**WORK INSTRUCTION**
Skipping any pictures, repeat exactly and only the lines from the one that holds "Coronavirus Bacteria Cell" to the last line of the material, both included.

**RECORDED DATA**

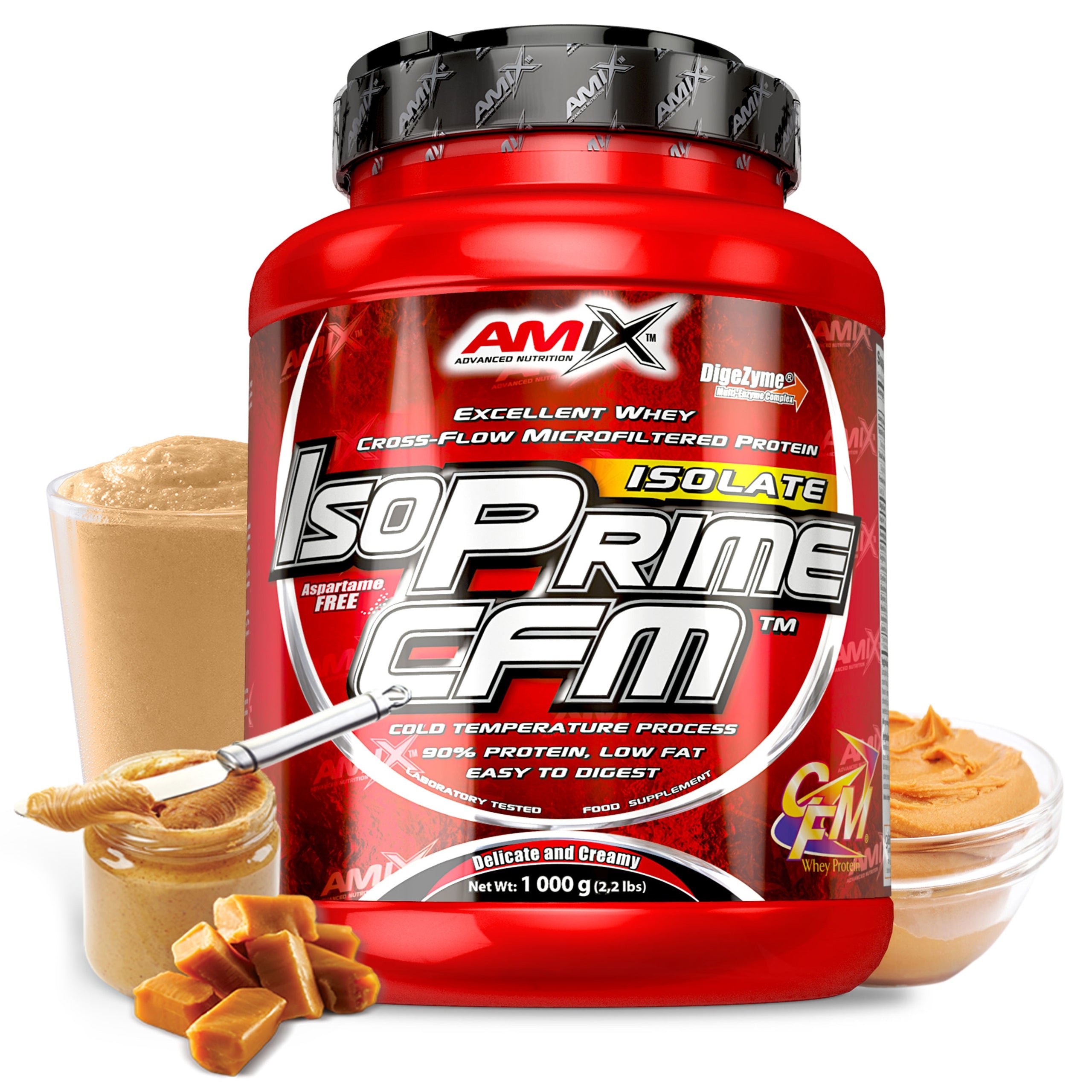 PROTEIN ISOLATE PROTEIN CFM Amix Iso Prime Chocolate Caramel Peanut Butter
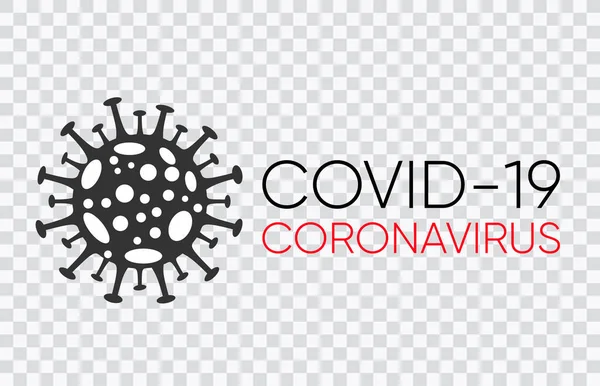 Coronavirus Bacteria Cell Icon, 2019-nCoV Novel Coronavirus Bacteria. No Infection and Stop Coronavirus Concepts Dangerous Coronavirus Cell in China, Wuhan. transparenter Hintergrund Isolated Vector Icon — Stockvektor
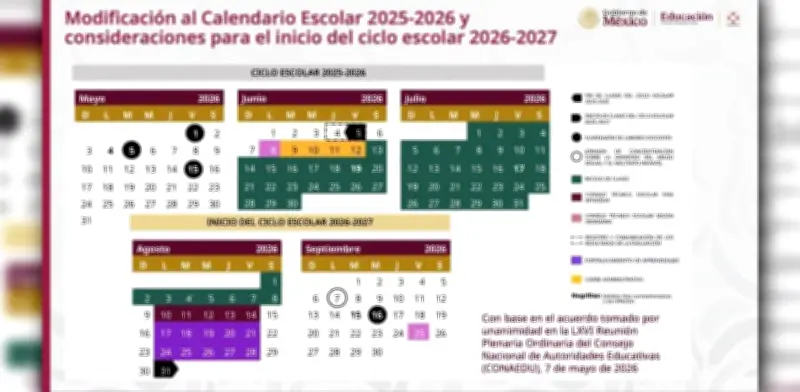 Calendario Escolar 2025-2026 SEP: ¿real o falso? Imagen viral analizada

**OUTPUT BELOW**
 Coronavirus Bacteria Cell Icon, 2019-nCoV Novel Coronavirus Bacteria. No Infection and Stop Coronavirus Concepts Dangerous Coronavirus Cell in China, Wuhan. transparenter Hintergrund Isolated Vector Icon — Stockvektor
 Calendario Escolar 2025-2026 SEP: ¿real o falso? Imagen viral analizada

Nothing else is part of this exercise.